[Captioned web image data]
****************
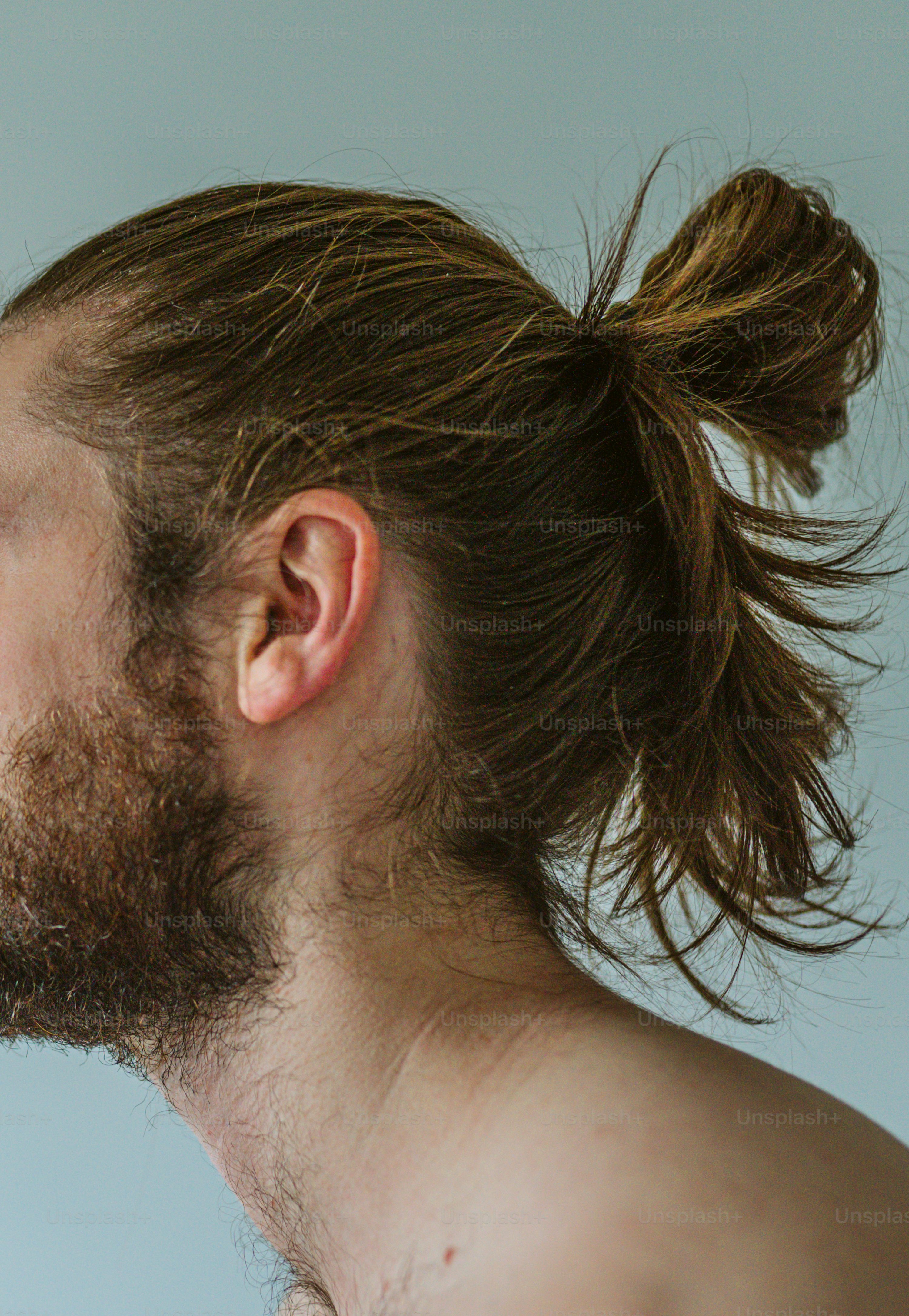 Guia Completo: Como Fazer o Man Bun Perfeito para Homens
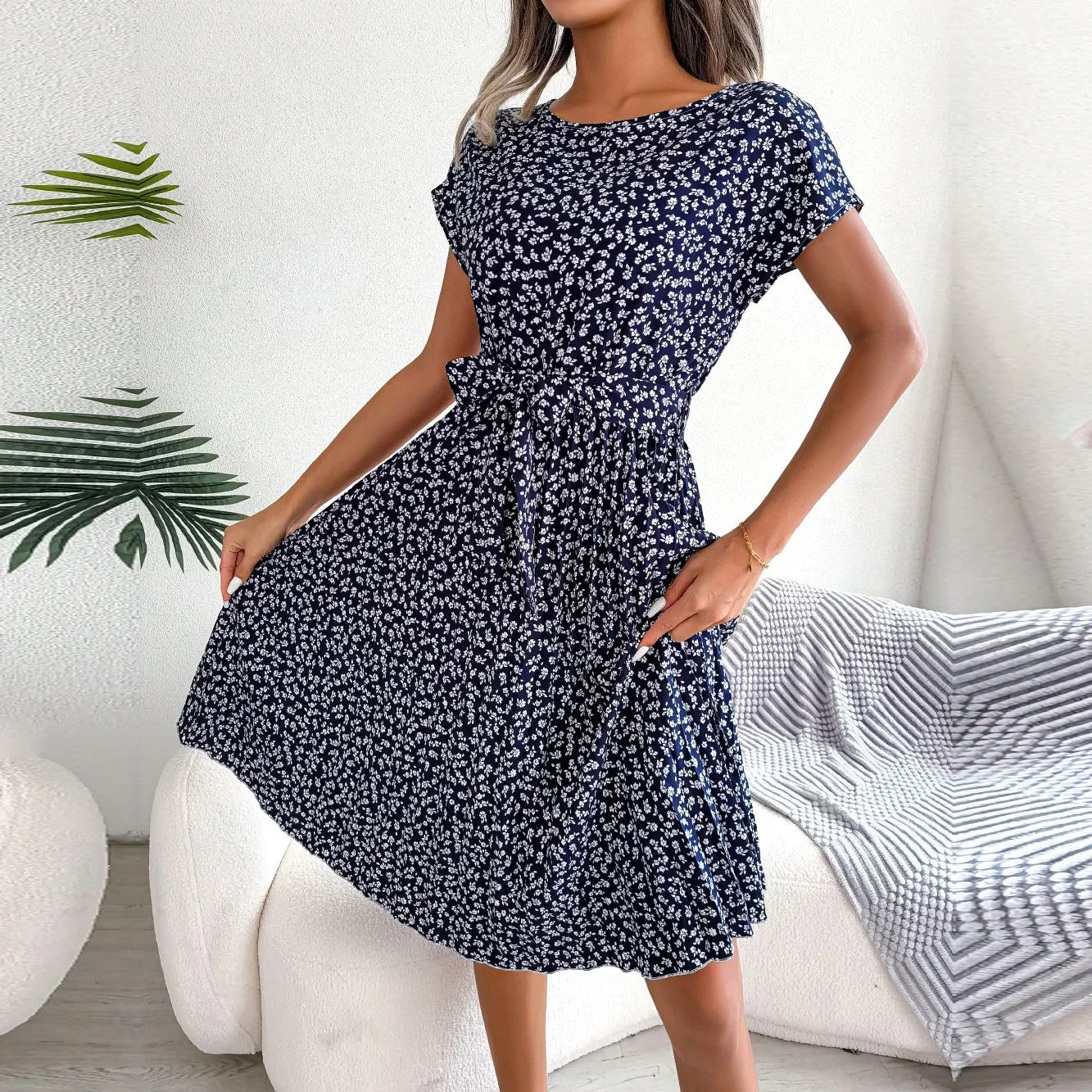 Lucy Elevated Chic Summer Dress Boutique Collection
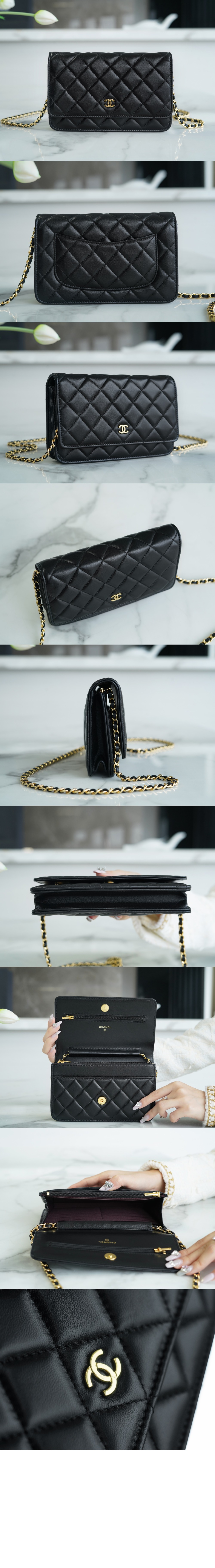 미러급레플리카사이트 | 명품레플리카 전문 쇼핑몰  | 퍼스트원 - WOC 램스킨 AP0250 > 샤넬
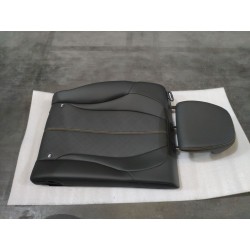 Dossier de siège arrière droit - Gris HCQ - BYD - 17794249-00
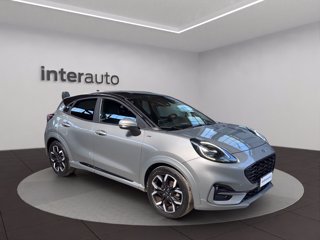 FORD Puma 1.0 EcoBoost Hybrid 125 CV S&S ST-Line X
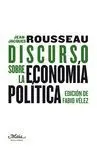 DISCURSO SOBRE LA ECONOMIA POLITICA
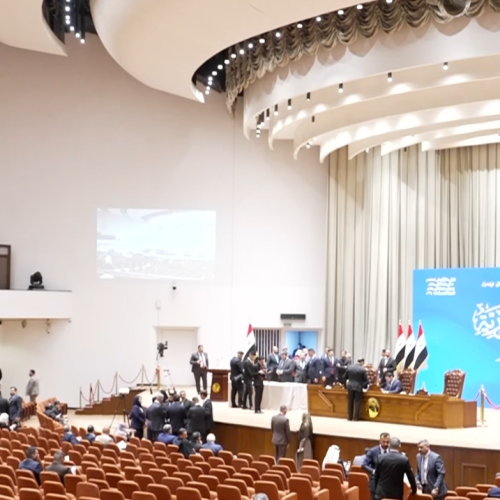 مجلس النواب: عدد المصوتين لانتخاب رئيس الجمهورية 252 صوتاً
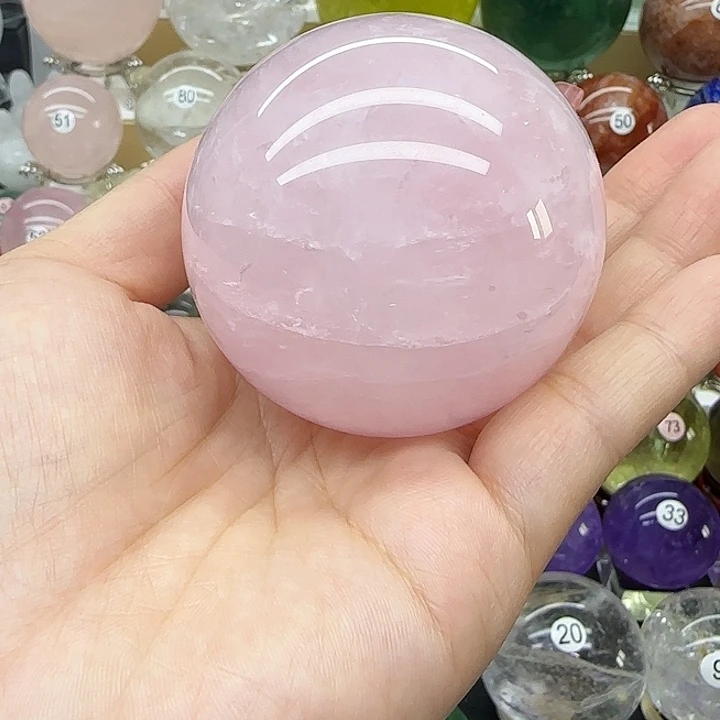 未镶嵌珠宝半成品水晶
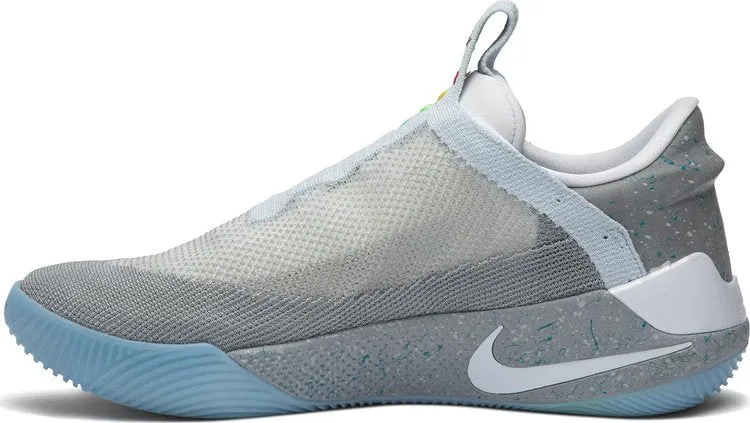 Nike Adapt BB 'Nike Mag' Trainers, Gray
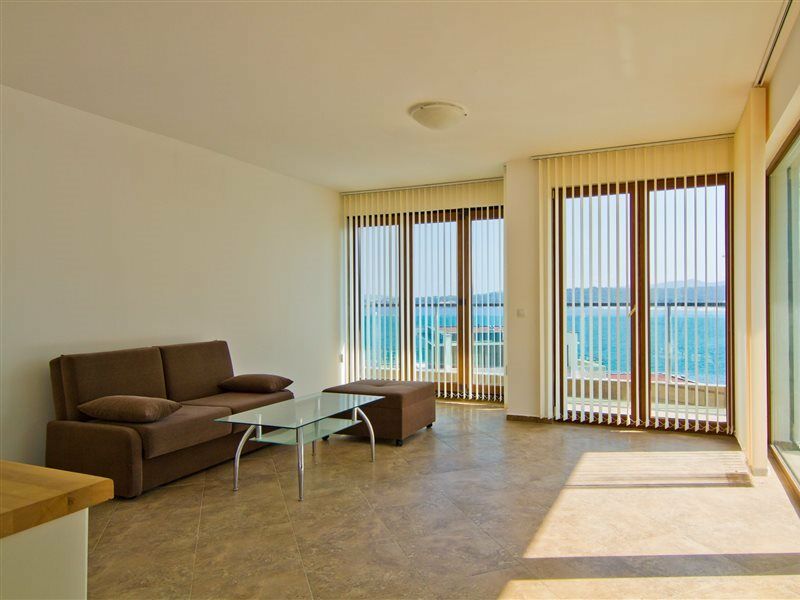 Panorama Bay Apartment Sozopol Exterior photo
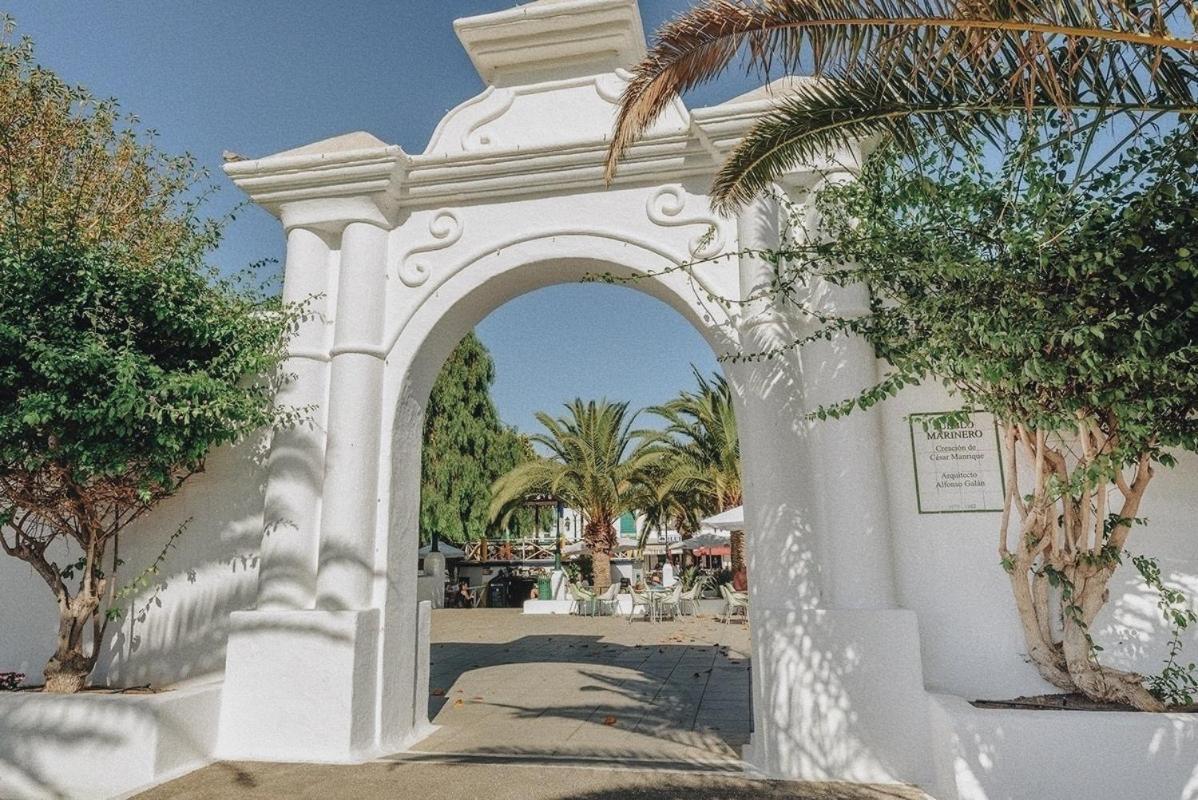 Lanzarote Beach Apartments, Casa Bruna Costa Teguise Εξωτερικό φωτογραφία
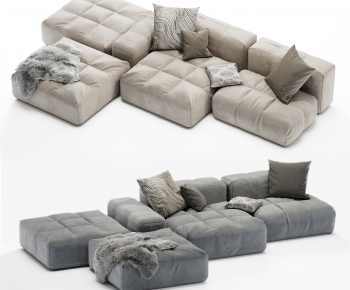 Modern Corner Sofa-ID:352010012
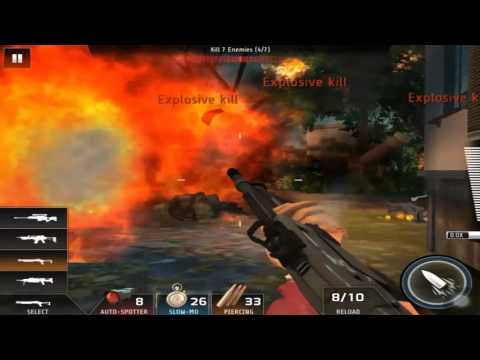 Kill Shot Bravo Region 21 Primary Mission 24 - Kill 7 Enemies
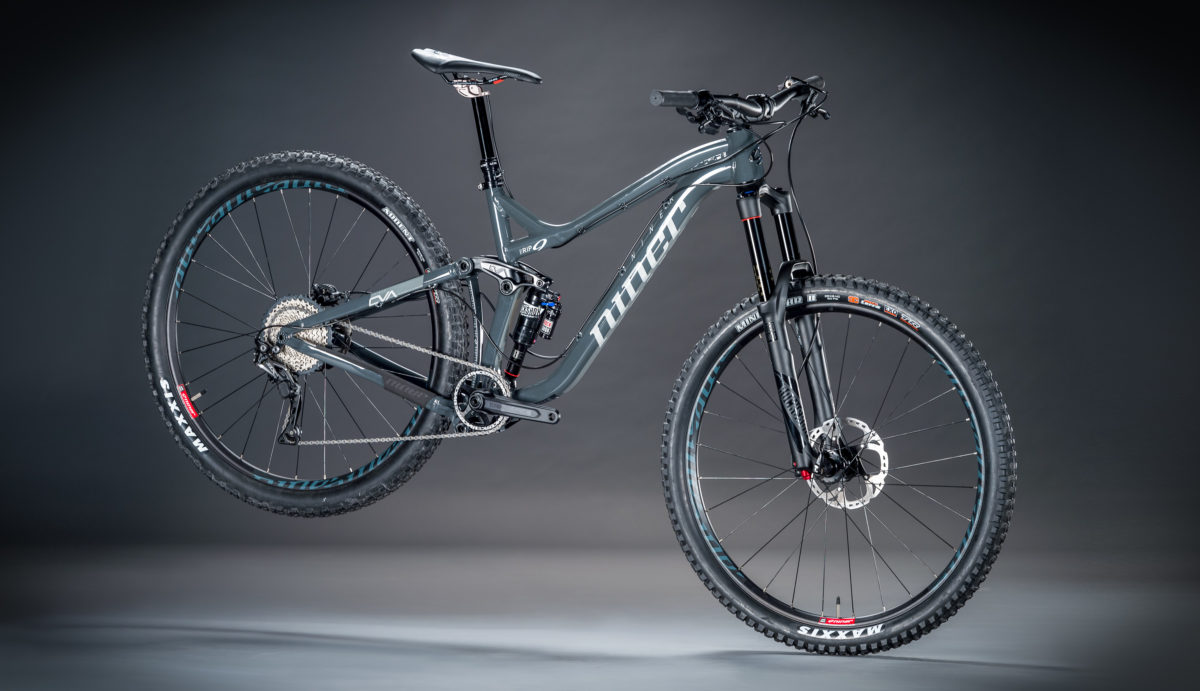 Niner Adds Aluminum Version Of New RIP Trail Bike Singletracks 
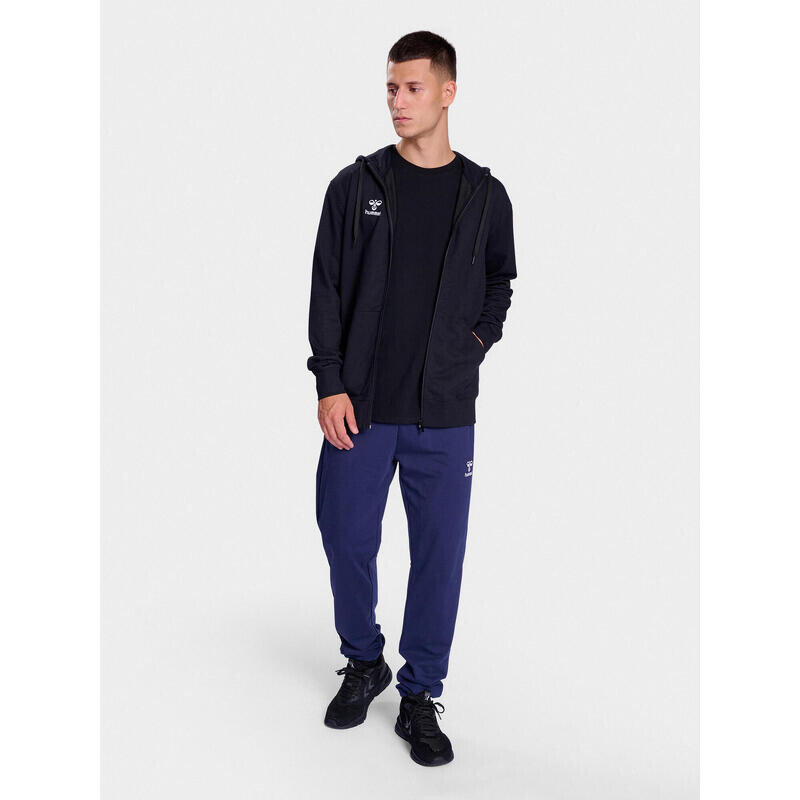 Спортивная толстовка Hummel, черный
Спортивная толстовка Hummel, черный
****************
Because the copy must hold no pictures, return only the lines that run from the line containing "Lucy Elevated Chic" to the end of the data above, each exactly as it stands.

 Lucy Elevated Chic Summer Dress Boutique Collection
 미러급레플리카사이트 | 명품레플리카 전문 쇼핑몰  | 퍼스트원 - WOC 램스킨 AP0250 > 샤넬
 Dossier de siège arrière droit - Gris HCQ - BYD - 17794249-00
 FORD Puma 1.0 EcoBoost Hybrid 125 CV S&S ST-Line X
 DISCURSO SOBRE LA ECONOMIA POLITICA
 مجلس النواب: عدد المصوتين لانتخاب رئيس الجمهورية 252 صوتاً
 未镶嵌珠宝半成品水晶
 Nike Adapt BB 'Nike Mag' Trainers, Gray
 Panorama Bay Apartment Sozopol Exterior photo
 Lanzarote Beach Apartments, Casa Bruna Costa Teguise Εξωτερικό φωτογραφία
 Modern Corner Sofa-ID:352010012
 Kill Shot Bravo Region 21 Primary Mission 24 - Kill 7 Enemies
 Niner Adds Aluminum Version Of New RIP Trail Bike Singletracks 
 Спортивная толстовка Hummel, черный
Спортивная толстовка Hummel, черный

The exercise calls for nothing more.